El mago trataba de darle ánimos al despechado príncipe pero era en vano, Paris parecía no querer escuchar absolutamente nada.
—Mira Clef no digas nada, ahórrate las palabras y mejor busca a Marina — dijo mientras colocaba su mano en la cara.
Clef cerró sus ojos, aun no asimilaba todo lo que estaba pasando con Marina, se sentía extraño.
—Clef, Paris qué bueno que los veo — el espadachín se acercó.
—Latis, ¿cómo va todo? — le preguntó al ver que la expresión de su cara era parecía a la que tenía el príncipe.
—Me voy, estoy un poco cansado.
—Pero Latis…
—Clef…— el espadachín lo miró de tal forma que el mago no hiciera preguntas.
El Guru suspiró, al parecer su amigo también la estaba pasando muy mal.
—Huye mientras puedas Latis — dijo Paris —, tú vida todavía no se ha ido al precipicio como la mía.
—No me interesa recibir ningún tipo de consuelo — indicó con frialdad.
—¡Muy bien! — exclamó Lulú, haciendo que los cefirianos las voltearán a mirar —, ahora arrojare el ramo.
—Ya lo vas a ver Paris que me lo llevare yo — dijo Kasumi mientras pasaba por el lado de su novio.
—¿Qué significa eso? — el peliverde miró a sus amigos pero ninguno pudo decirle algo.
—Ya Anais no es para tanto — dijo Marina tratando de calmar a su amiga.
—Es que no comprendo porque Lulú me dijo lo que me dijo.
—¿Que fue lo que paso?, cuéntanos amiga.
La rubia negó con la cabeza mientras que Marina y Lucy se miraban.
—Está bien, mejor esperen aquí, te traeré un vaso con agua amiga — indicó la pelirroja levantándose de la silla sin percatarse bien de lo que estaba sucediendo.
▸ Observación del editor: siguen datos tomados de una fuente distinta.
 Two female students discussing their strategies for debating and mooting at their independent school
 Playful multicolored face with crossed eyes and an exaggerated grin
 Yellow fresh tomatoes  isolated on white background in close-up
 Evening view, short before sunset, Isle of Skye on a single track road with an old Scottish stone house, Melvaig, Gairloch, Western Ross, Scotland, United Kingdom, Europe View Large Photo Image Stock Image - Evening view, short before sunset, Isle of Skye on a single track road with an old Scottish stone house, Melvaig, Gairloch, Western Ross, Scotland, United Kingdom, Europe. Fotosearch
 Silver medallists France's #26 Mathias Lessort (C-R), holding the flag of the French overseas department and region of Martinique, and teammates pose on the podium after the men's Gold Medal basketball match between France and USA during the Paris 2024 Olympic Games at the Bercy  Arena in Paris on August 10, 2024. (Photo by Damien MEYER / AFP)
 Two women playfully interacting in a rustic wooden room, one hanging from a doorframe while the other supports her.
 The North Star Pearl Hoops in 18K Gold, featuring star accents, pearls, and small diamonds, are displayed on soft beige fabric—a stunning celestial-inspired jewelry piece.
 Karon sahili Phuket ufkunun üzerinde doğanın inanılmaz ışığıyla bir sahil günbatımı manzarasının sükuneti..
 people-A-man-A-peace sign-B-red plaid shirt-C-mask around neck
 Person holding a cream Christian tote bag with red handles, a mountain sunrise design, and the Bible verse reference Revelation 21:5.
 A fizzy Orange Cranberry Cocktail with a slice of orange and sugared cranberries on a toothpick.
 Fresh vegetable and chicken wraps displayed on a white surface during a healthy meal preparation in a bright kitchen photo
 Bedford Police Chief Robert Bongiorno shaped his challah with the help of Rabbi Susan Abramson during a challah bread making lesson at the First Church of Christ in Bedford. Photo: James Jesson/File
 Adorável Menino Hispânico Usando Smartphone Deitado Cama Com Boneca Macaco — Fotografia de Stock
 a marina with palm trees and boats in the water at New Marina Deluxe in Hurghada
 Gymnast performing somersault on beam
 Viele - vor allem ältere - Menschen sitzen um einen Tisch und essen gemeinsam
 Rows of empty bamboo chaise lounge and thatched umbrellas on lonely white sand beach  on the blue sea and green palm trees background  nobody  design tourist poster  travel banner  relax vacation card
Justo después de dar algunos pasos y luego de escuchar la gritería de las mujeres miró hacia arriba viendo como el ramo de la novia caía en sus manos.
Todo a su alrededor se quedo en silencio, Anais y Marina abrieron sus ojos hasta más no poder, Lulú quedo en shock, Cameo que en ese momento estaba dándole un sorbo a su bebida escupió a Maciel, Saturno abrió sus ojos y momentáneamente sonrió dirigiendo su mirada a Latis, quien a pesar de no entender lo que pasaba se sobresalto notoriamente.
Lucy miró el ramo entre sus manos — bueno este… yo… — su corazón latía a una velocidad inimaginable, todo su cuerpo temblaba mientras unas pequeñas gotas de sudor resbalaban por su cara, todo a su alrededor giraba y giraba — ¡Ay! — exclamó antes de perder el conocimiento.
Hola gente! por fin volví. Siento mucho la demora pero el inicio del año no a estado bien en cuanto a lo de inspiracion, ademas el trabajo y las cosas de la u no me han dejado mucho tiempo que escribir, ultimamente me he dedicado a leer historias de esta pagina y otras cosas.
Espero que este capitulo sea de su agrado, gracias por sus reviews y mensajes.
Les envio muchos saludes y aqui vamos de nuevo con todo para esta historia y para las demas.